### Information given ###

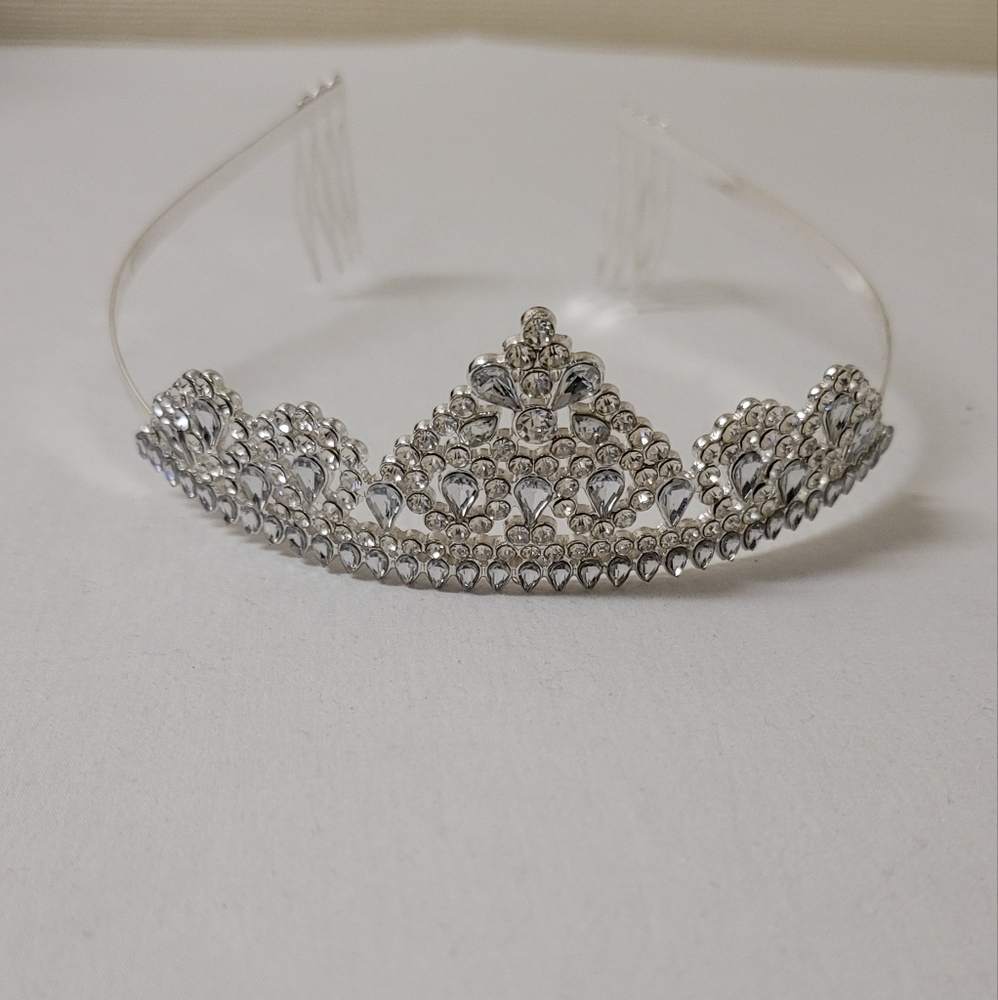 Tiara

###
### Information given ###

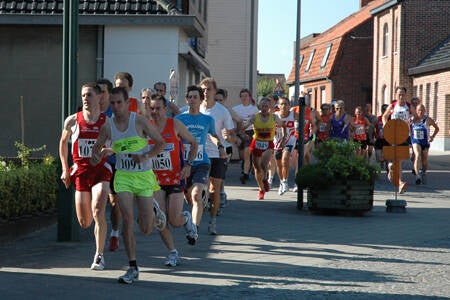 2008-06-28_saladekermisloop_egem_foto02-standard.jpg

###
### Information given ###

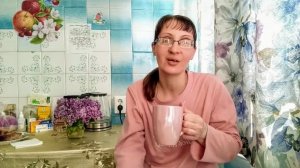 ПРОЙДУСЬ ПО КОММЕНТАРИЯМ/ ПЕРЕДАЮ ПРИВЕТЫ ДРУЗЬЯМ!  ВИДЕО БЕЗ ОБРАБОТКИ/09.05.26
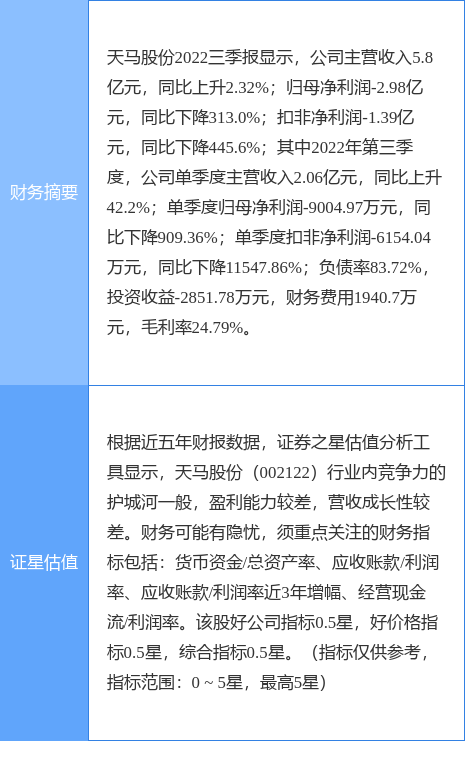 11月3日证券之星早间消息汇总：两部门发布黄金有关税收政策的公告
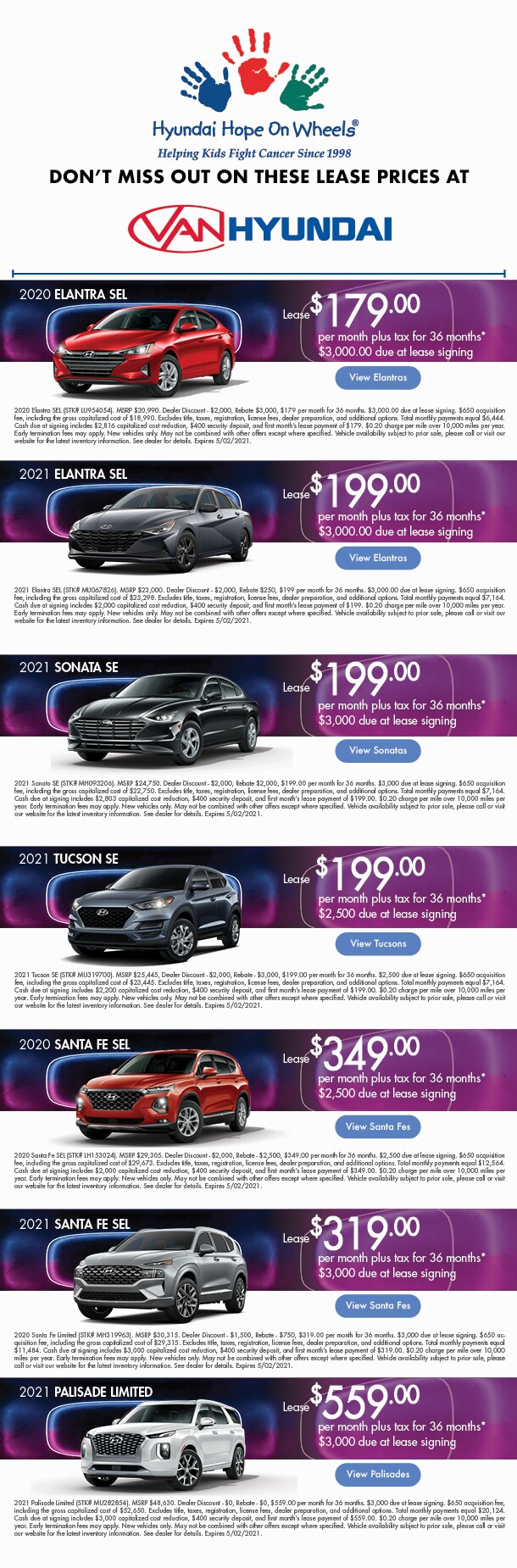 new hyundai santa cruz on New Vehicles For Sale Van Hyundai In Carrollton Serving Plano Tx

###

* Goal of the exercise *
Using the entries above, reproduce word for word only the lines from the one that contains "ПРОЙДУСЬ ПО КОММЕНТАРИЯМ/" to the one that contains "new hyundai santa", both ends included, and drop every picture.

* Exercise result *
 ПРОЙДУСЬ ПО КОММЕНТАРИЯМ/ ПЕРЕДАЮ ПРИВЕТЫ ДРУЗЬЯМ!  ВИДЕО БЕЗ ОБРАБОТКИ/09.05.26
 11月3日证券之星早间消息汇总：两部门发布黄金有关税收政策的公告
 new hyundai santa cruz on New Vehicles For Sale Van Hyundai In Carrollton Serving Plano Tx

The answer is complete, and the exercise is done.